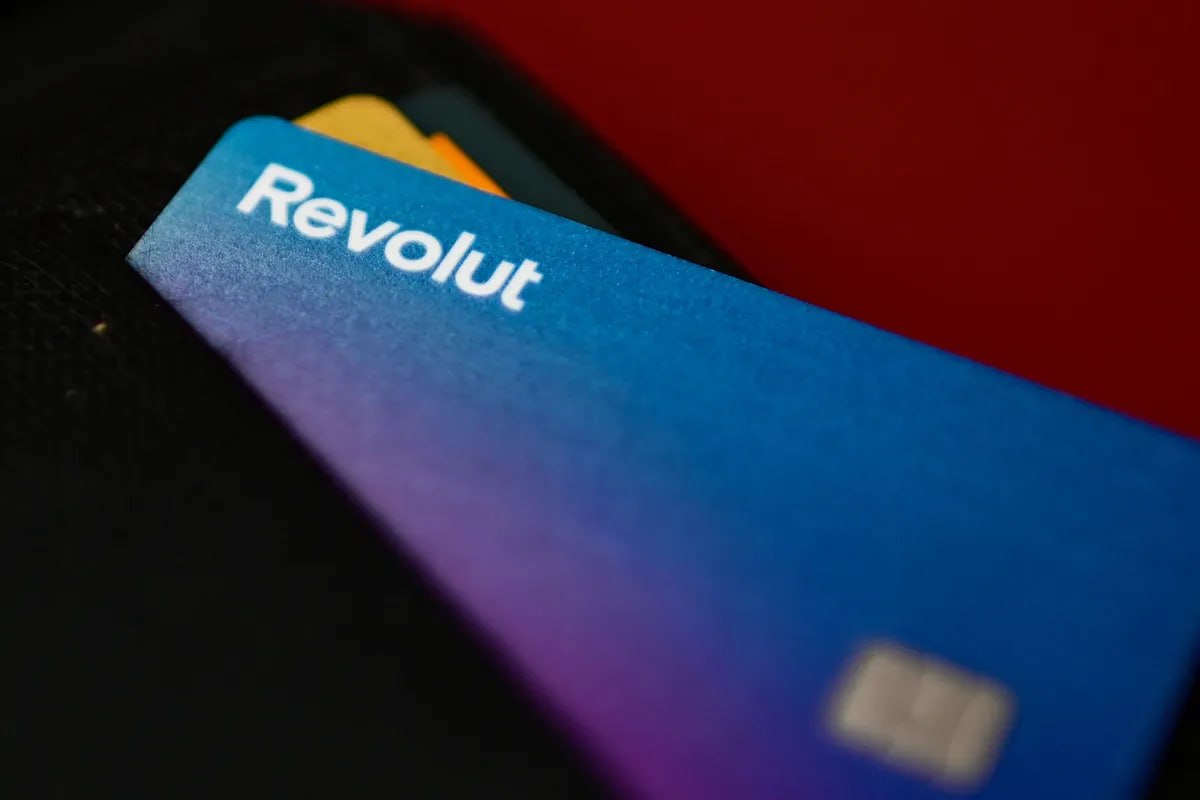 Revolut достигла рекордной оценки в $75 миллиардов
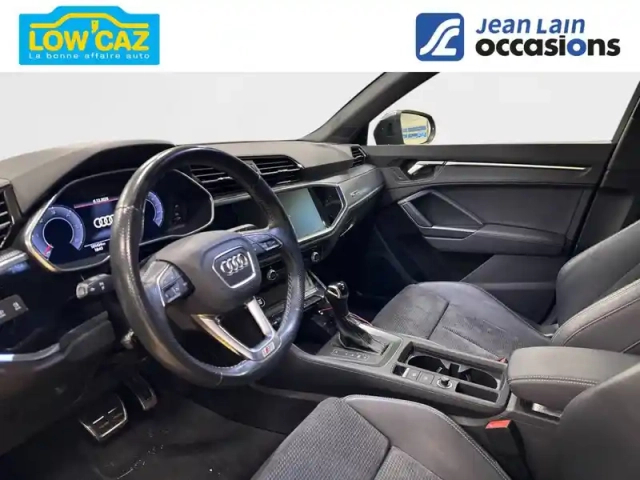Audi Q3 35 tdi 150 ch s tronic 7 — photo 30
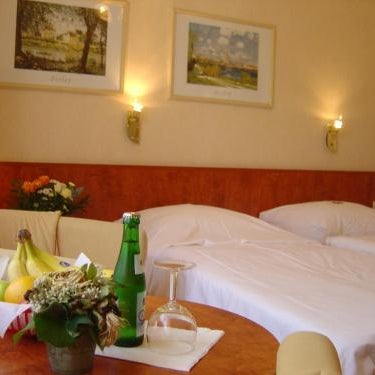 Bahnhof-Hotel Saarlouis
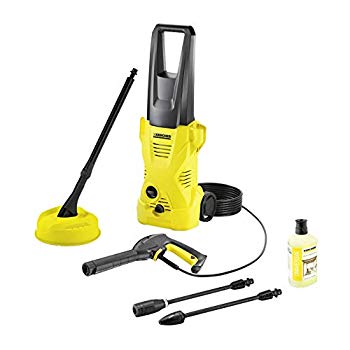 【中古】ケルヒャー(KARCHER) 高圧洗浄機 K2 ホームキット 1.602-219.0 w17b8b5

......

■ What to do
Return the material above in exact form. Pictures stay out.

■ Exercise output
 Revolut достигла рекордной оценки в $75 миллиардов
Audi Q3 35 tdi 150 ch s tronic 7 — photo 30
 Bahnhof-Hotel Saarlouis
 【中古】ケルヒャー(KARCHER) 高圧洗浄機 K2 ホームキット 1.602-219.0 w17b8b5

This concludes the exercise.